DATA RECORDS.
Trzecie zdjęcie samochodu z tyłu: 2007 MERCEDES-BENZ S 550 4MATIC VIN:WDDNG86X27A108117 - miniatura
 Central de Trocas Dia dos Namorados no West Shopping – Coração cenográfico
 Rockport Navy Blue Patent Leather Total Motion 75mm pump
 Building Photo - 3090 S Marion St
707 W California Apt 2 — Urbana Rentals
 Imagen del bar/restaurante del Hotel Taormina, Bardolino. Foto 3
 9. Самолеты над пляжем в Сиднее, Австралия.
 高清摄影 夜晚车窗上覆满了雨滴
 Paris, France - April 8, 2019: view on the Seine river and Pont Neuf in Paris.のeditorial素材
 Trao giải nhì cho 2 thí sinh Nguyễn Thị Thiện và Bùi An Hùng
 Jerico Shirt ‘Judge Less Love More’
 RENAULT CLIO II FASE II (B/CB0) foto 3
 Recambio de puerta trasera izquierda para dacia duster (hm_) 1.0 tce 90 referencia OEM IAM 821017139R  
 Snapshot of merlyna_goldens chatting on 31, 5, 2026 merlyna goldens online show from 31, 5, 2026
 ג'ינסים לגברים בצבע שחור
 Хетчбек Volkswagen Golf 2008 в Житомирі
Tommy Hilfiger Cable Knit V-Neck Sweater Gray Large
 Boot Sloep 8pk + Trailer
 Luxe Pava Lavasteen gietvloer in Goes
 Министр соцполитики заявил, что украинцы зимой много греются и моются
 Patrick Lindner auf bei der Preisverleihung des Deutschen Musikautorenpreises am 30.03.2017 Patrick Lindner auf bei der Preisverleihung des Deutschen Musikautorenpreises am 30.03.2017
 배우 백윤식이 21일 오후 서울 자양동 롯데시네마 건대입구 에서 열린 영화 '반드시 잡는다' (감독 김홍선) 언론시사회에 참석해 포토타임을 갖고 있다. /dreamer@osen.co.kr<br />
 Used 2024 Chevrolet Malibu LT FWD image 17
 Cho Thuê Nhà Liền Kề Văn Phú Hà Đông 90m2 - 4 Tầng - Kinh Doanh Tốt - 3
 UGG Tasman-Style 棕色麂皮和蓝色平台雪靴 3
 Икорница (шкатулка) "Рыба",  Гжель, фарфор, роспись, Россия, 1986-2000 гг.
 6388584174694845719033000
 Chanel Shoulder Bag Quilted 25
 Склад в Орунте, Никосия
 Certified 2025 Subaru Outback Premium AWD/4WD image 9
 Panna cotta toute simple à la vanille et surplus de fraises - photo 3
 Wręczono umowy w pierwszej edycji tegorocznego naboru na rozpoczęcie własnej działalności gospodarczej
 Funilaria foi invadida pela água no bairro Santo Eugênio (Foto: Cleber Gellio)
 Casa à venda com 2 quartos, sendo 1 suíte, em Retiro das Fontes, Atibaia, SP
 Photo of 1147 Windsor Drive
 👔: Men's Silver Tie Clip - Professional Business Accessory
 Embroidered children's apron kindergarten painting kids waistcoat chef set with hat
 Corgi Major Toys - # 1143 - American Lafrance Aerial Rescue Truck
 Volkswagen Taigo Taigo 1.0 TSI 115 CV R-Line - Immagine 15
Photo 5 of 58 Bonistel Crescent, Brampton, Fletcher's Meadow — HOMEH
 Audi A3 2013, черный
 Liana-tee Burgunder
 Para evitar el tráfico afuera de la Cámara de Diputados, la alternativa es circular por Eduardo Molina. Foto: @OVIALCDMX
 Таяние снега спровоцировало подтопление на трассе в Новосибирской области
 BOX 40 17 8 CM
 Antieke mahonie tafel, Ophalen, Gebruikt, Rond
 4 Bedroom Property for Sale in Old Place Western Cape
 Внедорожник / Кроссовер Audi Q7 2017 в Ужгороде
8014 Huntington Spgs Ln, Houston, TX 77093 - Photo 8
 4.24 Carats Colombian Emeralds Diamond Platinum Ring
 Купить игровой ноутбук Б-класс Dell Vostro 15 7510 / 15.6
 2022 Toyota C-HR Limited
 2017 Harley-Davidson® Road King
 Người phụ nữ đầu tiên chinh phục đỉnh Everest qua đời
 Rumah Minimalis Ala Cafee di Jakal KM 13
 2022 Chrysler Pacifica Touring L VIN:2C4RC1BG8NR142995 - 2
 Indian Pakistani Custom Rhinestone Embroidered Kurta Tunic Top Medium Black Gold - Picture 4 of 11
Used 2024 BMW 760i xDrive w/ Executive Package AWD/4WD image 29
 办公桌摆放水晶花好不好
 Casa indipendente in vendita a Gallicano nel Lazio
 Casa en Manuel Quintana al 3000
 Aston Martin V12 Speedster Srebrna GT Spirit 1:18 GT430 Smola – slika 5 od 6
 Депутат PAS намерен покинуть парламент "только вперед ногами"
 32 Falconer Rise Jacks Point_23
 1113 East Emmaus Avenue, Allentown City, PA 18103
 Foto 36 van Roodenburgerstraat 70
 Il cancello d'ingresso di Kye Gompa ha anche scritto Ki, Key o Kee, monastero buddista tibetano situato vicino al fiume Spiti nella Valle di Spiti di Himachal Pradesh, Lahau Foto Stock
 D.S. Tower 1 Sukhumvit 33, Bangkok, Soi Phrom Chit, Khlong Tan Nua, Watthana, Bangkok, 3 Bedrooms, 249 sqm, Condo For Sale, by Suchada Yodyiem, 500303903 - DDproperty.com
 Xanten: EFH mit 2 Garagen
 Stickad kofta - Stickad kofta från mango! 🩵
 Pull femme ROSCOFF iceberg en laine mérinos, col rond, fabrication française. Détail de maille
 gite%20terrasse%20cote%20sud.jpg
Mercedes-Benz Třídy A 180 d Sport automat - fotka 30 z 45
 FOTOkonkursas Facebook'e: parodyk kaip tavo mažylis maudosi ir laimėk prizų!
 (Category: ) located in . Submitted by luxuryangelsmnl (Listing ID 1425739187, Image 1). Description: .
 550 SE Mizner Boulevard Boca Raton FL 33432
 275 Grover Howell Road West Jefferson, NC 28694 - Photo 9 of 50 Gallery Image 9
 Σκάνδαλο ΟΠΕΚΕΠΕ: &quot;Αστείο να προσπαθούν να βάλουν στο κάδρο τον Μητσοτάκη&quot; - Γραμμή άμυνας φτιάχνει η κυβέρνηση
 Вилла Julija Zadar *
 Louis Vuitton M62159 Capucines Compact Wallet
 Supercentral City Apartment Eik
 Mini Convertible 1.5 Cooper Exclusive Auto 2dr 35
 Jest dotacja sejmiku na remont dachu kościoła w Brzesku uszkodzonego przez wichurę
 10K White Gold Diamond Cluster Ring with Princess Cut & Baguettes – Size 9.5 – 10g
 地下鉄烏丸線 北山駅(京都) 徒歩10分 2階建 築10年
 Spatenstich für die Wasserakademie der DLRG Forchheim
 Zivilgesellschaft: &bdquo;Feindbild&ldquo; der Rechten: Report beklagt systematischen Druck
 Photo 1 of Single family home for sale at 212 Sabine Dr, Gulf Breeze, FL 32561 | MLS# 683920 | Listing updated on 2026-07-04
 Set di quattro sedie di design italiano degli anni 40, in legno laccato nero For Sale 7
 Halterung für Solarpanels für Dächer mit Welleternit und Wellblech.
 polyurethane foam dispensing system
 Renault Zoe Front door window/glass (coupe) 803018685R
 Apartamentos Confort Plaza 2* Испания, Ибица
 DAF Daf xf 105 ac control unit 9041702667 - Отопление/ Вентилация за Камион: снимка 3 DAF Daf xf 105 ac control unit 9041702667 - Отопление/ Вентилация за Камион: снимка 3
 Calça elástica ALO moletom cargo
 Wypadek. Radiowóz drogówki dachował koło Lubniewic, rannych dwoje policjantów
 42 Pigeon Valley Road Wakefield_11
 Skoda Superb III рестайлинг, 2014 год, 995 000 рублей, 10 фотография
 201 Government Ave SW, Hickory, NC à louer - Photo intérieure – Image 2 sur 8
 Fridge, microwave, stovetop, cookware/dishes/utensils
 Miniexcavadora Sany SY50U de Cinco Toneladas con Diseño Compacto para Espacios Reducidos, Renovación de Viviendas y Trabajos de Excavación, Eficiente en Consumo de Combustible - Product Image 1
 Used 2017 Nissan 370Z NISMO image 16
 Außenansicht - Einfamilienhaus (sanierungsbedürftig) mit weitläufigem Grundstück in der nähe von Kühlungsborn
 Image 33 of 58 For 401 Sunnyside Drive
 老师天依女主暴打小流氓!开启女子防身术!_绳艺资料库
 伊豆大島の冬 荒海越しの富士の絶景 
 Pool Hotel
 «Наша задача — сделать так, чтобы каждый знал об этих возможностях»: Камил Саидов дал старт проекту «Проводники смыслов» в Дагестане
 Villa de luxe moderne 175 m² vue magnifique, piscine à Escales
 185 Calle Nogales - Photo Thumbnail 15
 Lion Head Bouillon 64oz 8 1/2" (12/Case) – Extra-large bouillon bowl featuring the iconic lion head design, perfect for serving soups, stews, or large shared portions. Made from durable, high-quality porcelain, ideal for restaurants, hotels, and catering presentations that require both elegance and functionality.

WHAT THE TASK REQUIRES. Working through the records above, copy each line in which "Embroidered" is found.

EXERCISE SOLUTION.
 Embroidered children's apron kindergarten painting kids waistcoat chef set with hat
 Indian Pakistani Custom Rhinestone Embroidered Kurta Tunic Top Medium Black Gold - Picture 4 of 11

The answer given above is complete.